Professor Tonnaer pleit voor een omgevingsplan. Dus “weg met de heilige huisjes”. Geen bestemmingsplannen meer, maar omgevingsplannen. Een soort combinatie tussen een structuurvisie (een visiegericht deel) en een bestemmingsplan (gebiedsgerichte uitvoering). Daarnaast zouden alle gemeentelijke verordeningen voor omgevingsbeleid moeten worden gebundeld in een gemeentelijke omgevingsverordening.

Overigens ben ik wel erg benieuwd hoe gemeenten staan tegenover het eventueel verdwijnen van bestemmingsplannen, aangezien nu hard wordt gewerkt aan de actualisering van alle bestemmingsplannen…

Oude en nieuwe instrumenten?
Ook een instrument vergelijkbaar met de beheersverordening wordt door de professor, net als bij de regiobijeenkomsten, uit de kast gehaald. Een instrument waar tot nog toe vrijwel geen gebruik van is gemaakt. Misschien ook wel omdat het oude, vertrouwde instrument bestemmingsplan bleef bestaan. Tot slot pleit Tonnaer voor meer vertrouwen, minder normen en meer vrijheid voor gemeenten.

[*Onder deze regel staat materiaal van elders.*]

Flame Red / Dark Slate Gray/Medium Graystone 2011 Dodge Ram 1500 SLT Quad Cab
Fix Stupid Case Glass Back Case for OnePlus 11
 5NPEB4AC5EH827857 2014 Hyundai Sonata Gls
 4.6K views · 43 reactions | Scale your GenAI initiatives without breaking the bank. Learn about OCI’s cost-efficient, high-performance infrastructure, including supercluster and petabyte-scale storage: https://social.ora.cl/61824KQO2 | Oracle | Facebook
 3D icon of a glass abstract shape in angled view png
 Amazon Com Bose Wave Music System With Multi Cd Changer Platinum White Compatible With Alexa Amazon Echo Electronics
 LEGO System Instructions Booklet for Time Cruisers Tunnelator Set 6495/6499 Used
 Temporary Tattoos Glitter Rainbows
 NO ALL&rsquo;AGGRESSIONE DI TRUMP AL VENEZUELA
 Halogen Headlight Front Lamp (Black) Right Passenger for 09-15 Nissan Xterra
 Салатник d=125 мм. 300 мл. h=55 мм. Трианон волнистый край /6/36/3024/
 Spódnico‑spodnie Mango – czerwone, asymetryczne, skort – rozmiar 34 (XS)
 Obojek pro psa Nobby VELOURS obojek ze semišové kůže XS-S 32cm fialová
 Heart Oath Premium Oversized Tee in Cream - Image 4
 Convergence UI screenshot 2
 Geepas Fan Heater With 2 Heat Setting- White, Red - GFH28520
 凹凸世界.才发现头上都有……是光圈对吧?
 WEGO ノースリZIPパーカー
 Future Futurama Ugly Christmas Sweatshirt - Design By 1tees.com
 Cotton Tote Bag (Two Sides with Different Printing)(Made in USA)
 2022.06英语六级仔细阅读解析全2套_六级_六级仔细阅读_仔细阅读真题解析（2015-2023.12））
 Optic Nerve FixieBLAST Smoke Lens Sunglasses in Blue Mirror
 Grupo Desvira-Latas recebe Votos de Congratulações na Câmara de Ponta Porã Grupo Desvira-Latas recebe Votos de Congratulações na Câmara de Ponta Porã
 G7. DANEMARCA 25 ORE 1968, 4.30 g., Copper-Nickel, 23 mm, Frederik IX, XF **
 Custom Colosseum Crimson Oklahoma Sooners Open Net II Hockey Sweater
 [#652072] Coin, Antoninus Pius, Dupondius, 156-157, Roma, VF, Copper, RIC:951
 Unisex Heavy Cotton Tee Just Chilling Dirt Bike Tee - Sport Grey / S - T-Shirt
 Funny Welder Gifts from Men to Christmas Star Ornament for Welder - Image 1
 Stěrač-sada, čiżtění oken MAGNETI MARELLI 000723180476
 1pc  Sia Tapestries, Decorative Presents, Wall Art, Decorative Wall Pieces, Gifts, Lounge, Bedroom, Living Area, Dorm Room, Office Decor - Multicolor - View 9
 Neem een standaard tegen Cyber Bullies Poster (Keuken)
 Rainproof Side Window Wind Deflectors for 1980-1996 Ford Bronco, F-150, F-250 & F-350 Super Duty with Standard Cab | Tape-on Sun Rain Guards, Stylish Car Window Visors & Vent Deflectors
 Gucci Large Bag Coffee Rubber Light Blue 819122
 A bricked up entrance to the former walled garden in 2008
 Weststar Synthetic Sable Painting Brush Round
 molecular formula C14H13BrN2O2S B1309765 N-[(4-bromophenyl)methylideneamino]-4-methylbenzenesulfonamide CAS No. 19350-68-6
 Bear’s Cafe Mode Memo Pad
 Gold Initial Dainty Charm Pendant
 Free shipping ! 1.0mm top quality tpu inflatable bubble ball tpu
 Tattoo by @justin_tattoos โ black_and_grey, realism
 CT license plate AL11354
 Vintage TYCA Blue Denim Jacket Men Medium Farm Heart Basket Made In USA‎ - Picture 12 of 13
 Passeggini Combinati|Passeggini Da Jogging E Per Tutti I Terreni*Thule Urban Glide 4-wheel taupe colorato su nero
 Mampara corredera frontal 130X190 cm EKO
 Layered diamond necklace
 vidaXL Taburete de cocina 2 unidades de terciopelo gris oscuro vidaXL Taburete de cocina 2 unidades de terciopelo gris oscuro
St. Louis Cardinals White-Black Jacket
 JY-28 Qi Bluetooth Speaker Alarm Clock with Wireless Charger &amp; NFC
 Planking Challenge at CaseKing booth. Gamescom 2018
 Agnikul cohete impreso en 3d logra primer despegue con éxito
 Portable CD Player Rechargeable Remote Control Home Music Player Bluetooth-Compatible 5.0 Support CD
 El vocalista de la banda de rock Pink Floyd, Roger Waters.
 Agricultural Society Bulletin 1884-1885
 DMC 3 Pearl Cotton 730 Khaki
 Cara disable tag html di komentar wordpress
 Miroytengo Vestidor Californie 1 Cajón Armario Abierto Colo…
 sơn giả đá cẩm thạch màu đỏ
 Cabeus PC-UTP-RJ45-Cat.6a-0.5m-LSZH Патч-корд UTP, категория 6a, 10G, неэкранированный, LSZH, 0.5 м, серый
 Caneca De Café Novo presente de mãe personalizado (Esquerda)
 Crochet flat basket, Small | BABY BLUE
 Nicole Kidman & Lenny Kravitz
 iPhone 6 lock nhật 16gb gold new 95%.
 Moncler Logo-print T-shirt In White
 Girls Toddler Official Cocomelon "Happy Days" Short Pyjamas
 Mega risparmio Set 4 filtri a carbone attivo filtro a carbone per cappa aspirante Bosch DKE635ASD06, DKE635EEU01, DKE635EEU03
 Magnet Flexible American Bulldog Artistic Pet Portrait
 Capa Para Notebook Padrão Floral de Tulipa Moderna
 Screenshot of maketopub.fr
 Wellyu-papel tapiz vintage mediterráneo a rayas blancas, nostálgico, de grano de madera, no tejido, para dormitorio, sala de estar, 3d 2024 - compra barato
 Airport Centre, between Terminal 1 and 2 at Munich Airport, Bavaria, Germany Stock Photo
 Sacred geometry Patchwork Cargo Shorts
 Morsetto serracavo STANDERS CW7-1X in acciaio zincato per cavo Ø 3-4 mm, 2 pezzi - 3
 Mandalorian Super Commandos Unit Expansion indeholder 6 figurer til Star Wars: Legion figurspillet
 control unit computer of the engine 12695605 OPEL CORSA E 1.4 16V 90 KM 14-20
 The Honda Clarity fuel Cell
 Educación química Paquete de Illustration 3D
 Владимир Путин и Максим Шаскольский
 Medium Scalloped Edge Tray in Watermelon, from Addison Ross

Gemeenten roepen om decentralisatie, maar lijken mij wel wat voorzichtig ten aanzien van een herziening van het omgevingsrecht. Toch denk ik dat, juist met het loslaten van oude kaders zoals een bestemmingsplan, ruimte ontstaat voor nieuwe, betere kaders. Daarbij hoef je de goede kanten van bestaande instrumenten niet te verliezen, wellicht alleen anders en efficiënter in te richten.